An “optimistic, positive message has not been shared in so long,” Scott said on the midday talk show The View recently, and “as long as it’s anchored in conservatism and you have a backbone, people are interested in engaging in the conversation.”

Whether it will work is another question entirely. Barrett Marson, an Arizona-based Republican strategist, said candidates like Scott could ultimately fail to ignite the kindling of a tinderbox base.

“At this particular stage, seven months before any vote is cast, right now the mood of the Republican base is nothing but grievance,” Marson said. “A positive fighter like Tim Scott will just have a hard time reaching those voters emotionally, reaching them in their hearts.”

But there’s at least a sliver of the GOP that may be open to a less caustic message.

Mitch Daniels, the former Indiana governor who weighed a presidential bid in 2012 and served as Ronald Reagan’s chief political adviser, said that a Reaganesque sense of humor is in short supply in the current field.

Even if “the city is not shining very brightly at this moment,” he suggested candidates “'leaven' their remarks with a touch of humor, pointing to Reagan’s line: Recessions are when your neighbor loses his job.
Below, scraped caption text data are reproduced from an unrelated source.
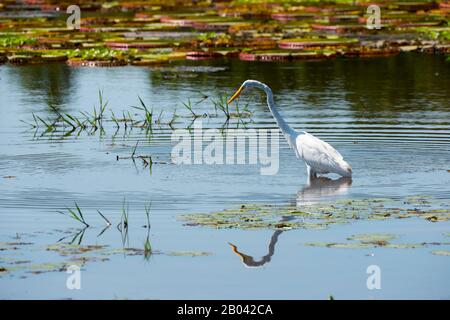 Ein Großer weißer Egret (Ardea alba) fischt in einem See bei Porto Jofre im nördlichen Pantanal, Provinz Mato Grosso in Brasilien. Stockfoto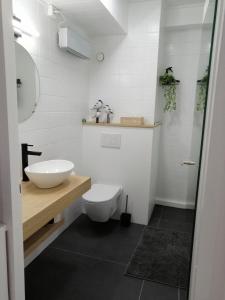 a bathroom with a white toilet and a sink at Zee en Zicht in De Panne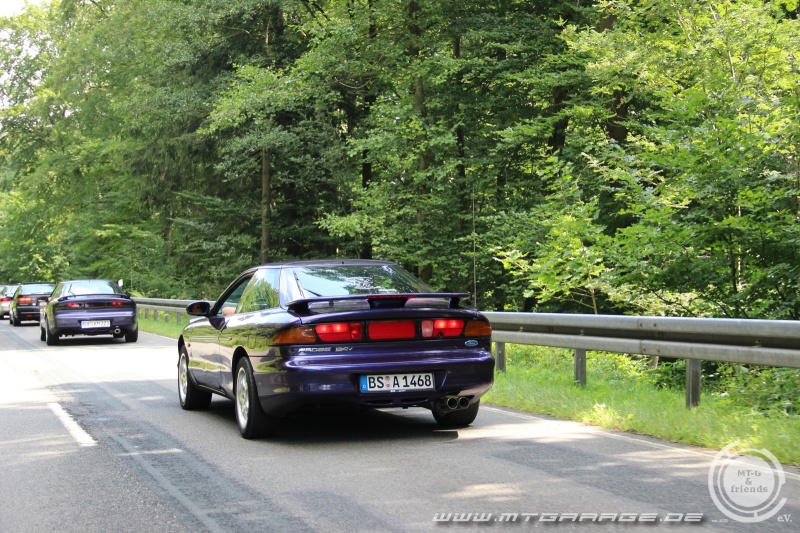 w_IMG_6273.JPG
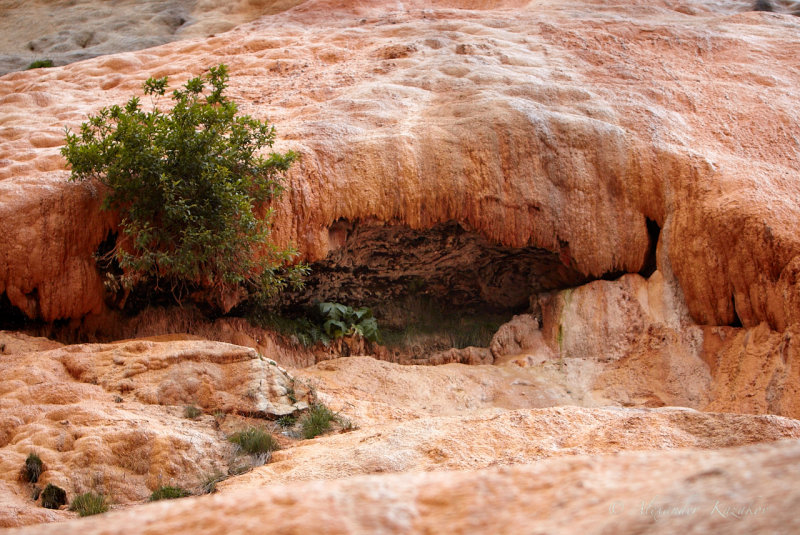 GEO_MG_6727.jpg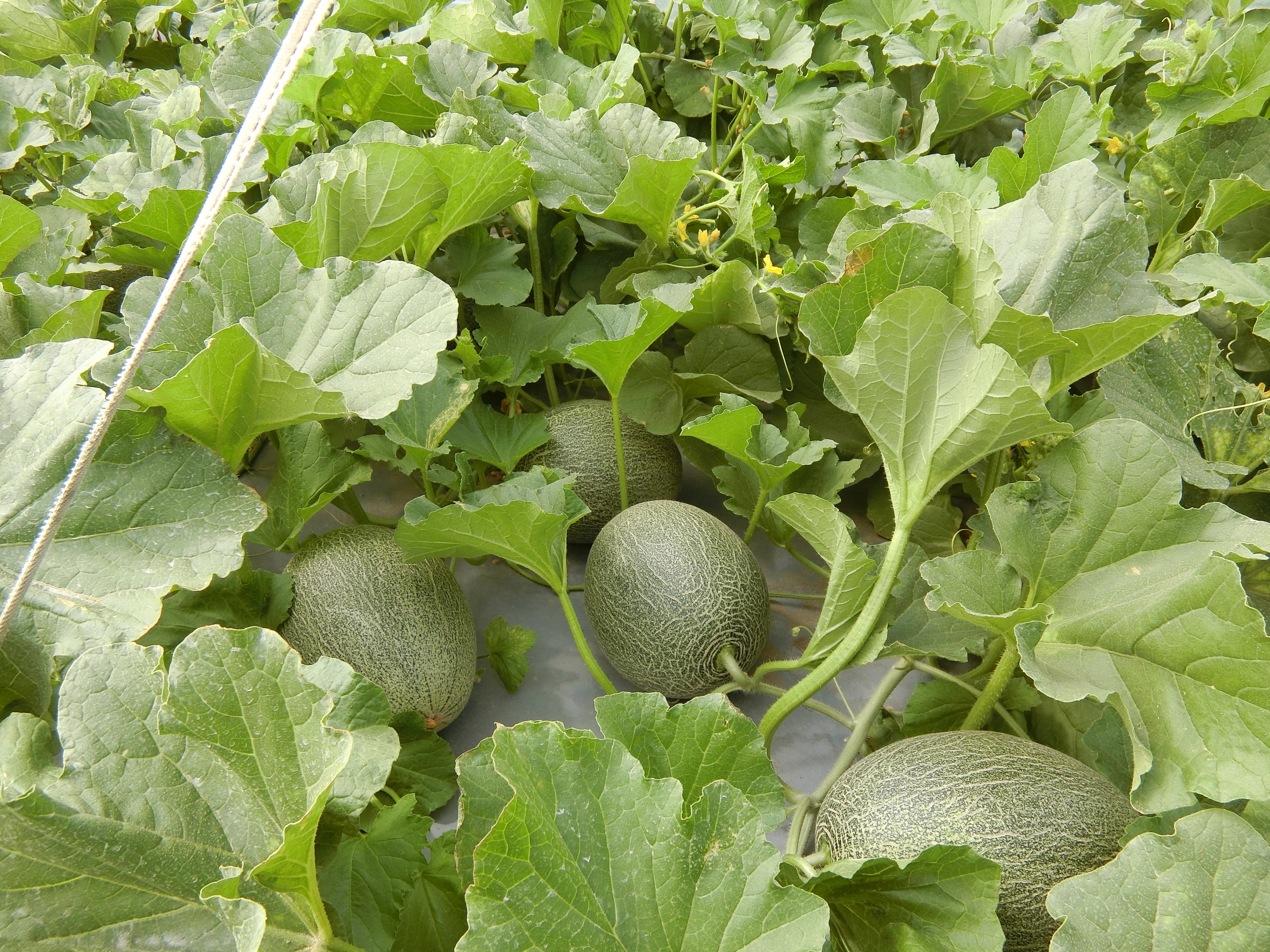 隧道棚內果實正形成網紋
Depression is when you lose yours. Recovery is when Jimmy Carter loses his.

“This year's crop would be well advised to do that,” he said.

It’s the opening that they’re counting on. And according to Vikram Mansharamani, a former Republican New Hampshire Senate candidate, it taps into something about the country that angrier candidates are missing.

“Why the hell is everyone trying to come into this country if it’s so bad?” he said. “At the end of the day this is still a pretty damn good country.”